Thug is the new N-word. That’s the new way they pursuing us now. N-word is out, and thug is in. Michael Dunn, he seen us, he just see four black kids. And he heard the music, and he just instantly put ‘thug’ next to four black kids. But you know if four white kids listening to it, you know I’m saying, what would you think? They don’t call Justin Bieber a thug. He racing Lamborghinis and all this crazy stuff. He’s not a thug, he’s just a misled kid. You know what I’m saying? So it’s just like, thug is just a term for African Americans to be called the N-word without being all - they don’t want to seem wrong by calling us the N-word. So they’re just like, look at those thugs.
- Tevin Thompson, a friend of Jordan Davis (51:21)
2. "The Danger of the 'Black Lives Matter' Movement" by Heather MacDonald, an adapted speech given at Hillsdale College’s Allan P. Kirby, Jr. Center for Constitutional Studies and Citizenship in Washington
As a result of the anti-cop campaign of the last two years and the resulting push-back in the streets, officers in urban areas are cutting back on precisely the kind of policing that led to the crime decline of the 1990s and 2000s. Arrests and summons are down, particularly for low-level offenses. Police officers continue to rush to 911 calls when there is already a victim. But when it comes to making discretionary stops—such as getting out of their cars and questioning people hanging out on drug corners at 1:00 a.m.—many cops worry that doing so could put their careers on the line…. Unfortunately, when officers back off in high crime neighborhoods, crime shoots through the roof. Our country is in the midst of the first sustained violent crime spike in two decades.

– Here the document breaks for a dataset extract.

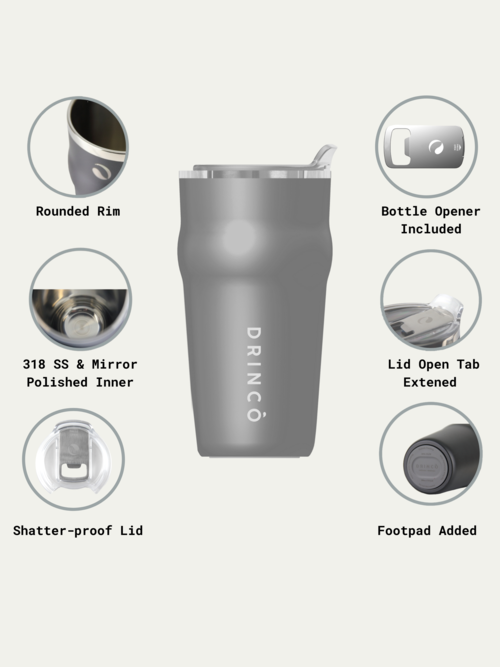 DRINCO 20oz Insulated Beer Mug with Built-In Bottle Opener THOR - Jet Black Stainless Steel Tumbler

3. “Donald Trump and the Twilight of White America” by Derek Thompson, The Atlantic
It is not enough to say that Trump is a purely racial phenomenon. Nor is it complete to argue that he is the perfectly predictable result of economic upheaval. Rather, in the last half-century, several events have pushed conservative white American middle-class men to conflate their majoritarian, economic, and cultural decline. Economic anxiety and racial resentment are not entirely separate things, but rather like buttresses in an arch, supporting each other in the creation of something larger – Donald Trump.
4. “The Fire This Time: A New Generation Speaks About Race,” an anthology of essays
Every black person has something ‘not black’ about them. I don’t mean something white, because despite our easy dichotomies, the opposite of black is not white. This one likes European classical music; that one likes a little bit of country (hopefully the old stuff); this one can’t dance. Black people know this – any solidarity with each other is about something shared, a secret joy, a song, not about some stereotypical qualities that may be reproducible, imitable, even marketable. This doesn’t mean there aren’t similarities across black people or communities or better yet memory – just that these aren’t exactly about bodies and not really about skin at all, but culture.
– Kevin Young’s essay, “Blacker Than Thou”
5. “The Case for Reparations” by Ta-Nehisi Coates, The Atlantic
What I’m talking about is more than recompense for past injustices—more than a handout, a payoff, hush money, or a reluctant bribe. What I’m talking about is a national reckoning that would lead to spiritual renewal.... Reparations would mean a revolution of the American consciousness, a reconciling of our self-image as the great democratizer with the facts of our history.
6. “Lift Off” by Donovan Livingston, Ed.M.’16, student speaker of Harvard Graduate School of Education’s 2016 Convocation exercises
How many times have we been made to feel like quotas –
Like tokens in coined phrases? –
There are days I feel like one, like only –
A lonely blossom in a briar patch of broken promises.
But I’ve always been a thorn in the side of injustice.